Her teknolojik gelişme, sanata ve sanatçıya yeni bir model oluşturur. Bu kitapta yer alan her bir göstergenin açılımında, daha da artan bir gerilimin ortasına atıyor izleyiciyi; hayal gücünün sınırlarını zorlayan, soyutlamaya kucak açan ve bir sonraki aşamada soyuta dönüşmek için fırsat kollayan imgeler, dönüp dolaşıp sonuçta soyutun panzehiri olarak karşımıza çıkıyor!
Dijital teknolojinin hızlı gelişimiyle beraber, tasarıma dönük bir araç olarak fotografinin estetik konseptini, nesnenin durumuna dönük açılımında kontur, doku, biçim (form); öznenin nesne karşısındaki kişiselliğine dönük açılımında ise denge, proporsiyon (oran/orantı-altın oran), ritim, perspektif, bakış açısı, zaman/an, ışığın özellikleri bütünler.
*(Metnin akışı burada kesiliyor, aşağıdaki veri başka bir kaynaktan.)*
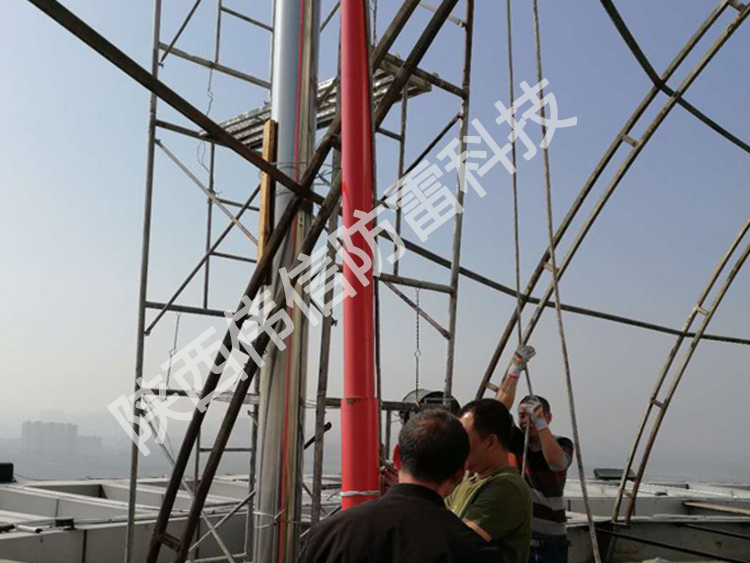 21米高強度玻璃鋼避雷針，氣象雷達站專用避雷針，防側擊絕緣接閃器產品展示二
Bir fotografik göstergenin oluşumunda bu kavramların yanı sıra tasarımı gerçekleştiren kişinin hayal gücüne gereksinim duyulur. Sadece olanı olduğu gibi aktarmak, kendinden bir parça katmamak sanatın doğasına terstir.
Bu nedenden dolayı fotografik göstergenin gerçeküstü anlatımı içleyecek şekilde yapılandırılması gerekir. Bu yaklaşımda ürün veren sanatçılar görme eylemine hayal güçlerini de ekleyerek gerçeküstü eserler ortaya koymuşlardır.
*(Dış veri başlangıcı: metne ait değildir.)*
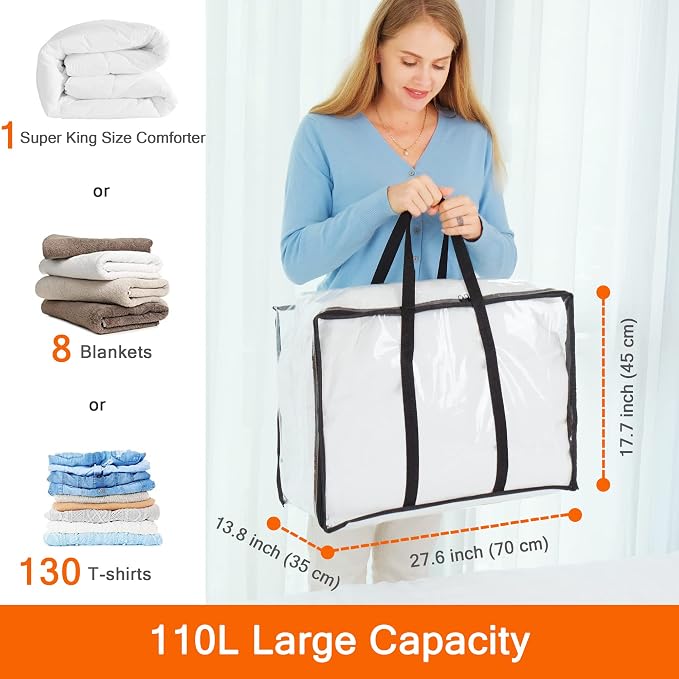 3 Pack Clear Storage Bags 110L Over-Sized Clothes Bags - Image 2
Bu kitabımda, çalışmalarımın yapılandırılmasında geleneksel fotografinin dışına çıkmayı, nesnel gerçekliği manipüle ederek, algılanan gerçekliğin ötesinde öznel gerçekliğe ulaşmayı amaç edindim.
Sanat hayatımın 40. yılında bu kitabı sanatseverlerle paylaşmaktan mutluluk duyuyorum.